In the image I added a new column 'expected', showing values for two weeks.

select inr.*
       ,sum(inr.strikes) over (Venue_Week rows between current row and 2 following) as strikes_3wk
from
(
    select seasonType
        ,gameStatus
        ,homeTeamName
        ,awayTeamName
        ,venueName
        ,CAST(
        CONCAT(
            CAST(EXTRACT(YEAR FROM createdAt) as string)
            ,CAST(EXTRACT(WEEK(Monday) FROM createdAt) as string)
            ) as INT64)
            as YearWeek
        ,sum(homeFinalRuns) as homeFinalRuns
        ,sum(strikes) as strikes
    from  `bigquery-public-data.baseball.games_wide`
    where   createdAt is not null
    group by seasonType
        ,gameStatus
        ,homeTeamName
        ,awayTeamName
        ,venueName
        ,YearWeek
)inr
window Venue_Week as (
    partition by inr.venueName
    order by inr.YearWeek desc
)

Solution

  • So you are looking for strikes per venue regardless of who did them, right?

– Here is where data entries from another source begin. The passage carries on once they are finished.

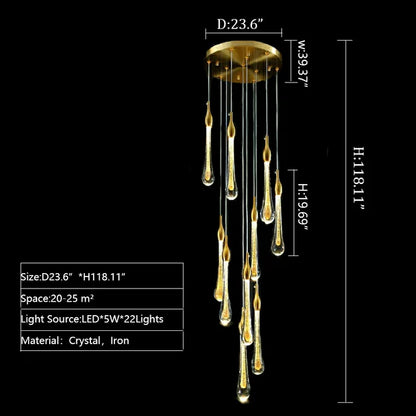 Lampadario in cristallo a sospensione Lily Raindrop in oro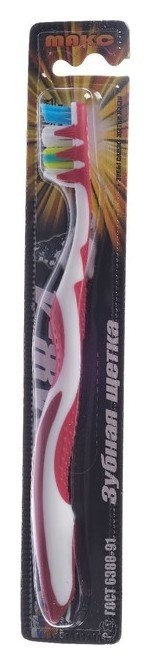 Зубная щётка мод массаж 4 арт 498 двухкомпонентная ручка с резиновыми вставками, разноуро  Ленпластполимер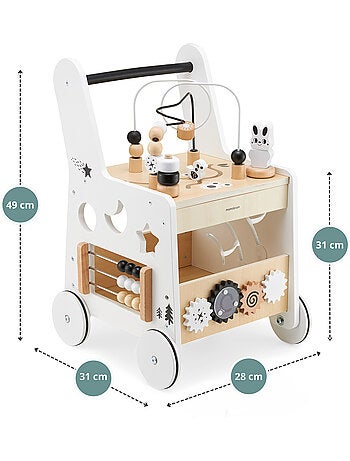 Trotteur bébé bois, table d'activité poignée confortable, roues antidérapantes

    May be something like:

    SELECT INR.*, STATS.strikes_3wk 
    FROM `bigquery-public-data.baseball.games_wide` INR
      LEFT JOIN (
        SELECT venueName, SUM(strikes) as strikes_3wk 
        FROM `bigquery-public-data.baseball.games_wide` INR2
        WHERE YearWeek IN (
          SELECT TOP 3 YearWeek 
          FROM `bigquery-public-data.baseball.games_wide` 
          WHERE venueName = INR2.venueName
          ORDER BY YearWeek DESC
        )
        GROUP BY venueName
      ) STATS 
        ON INR.venueName = STATS.venueName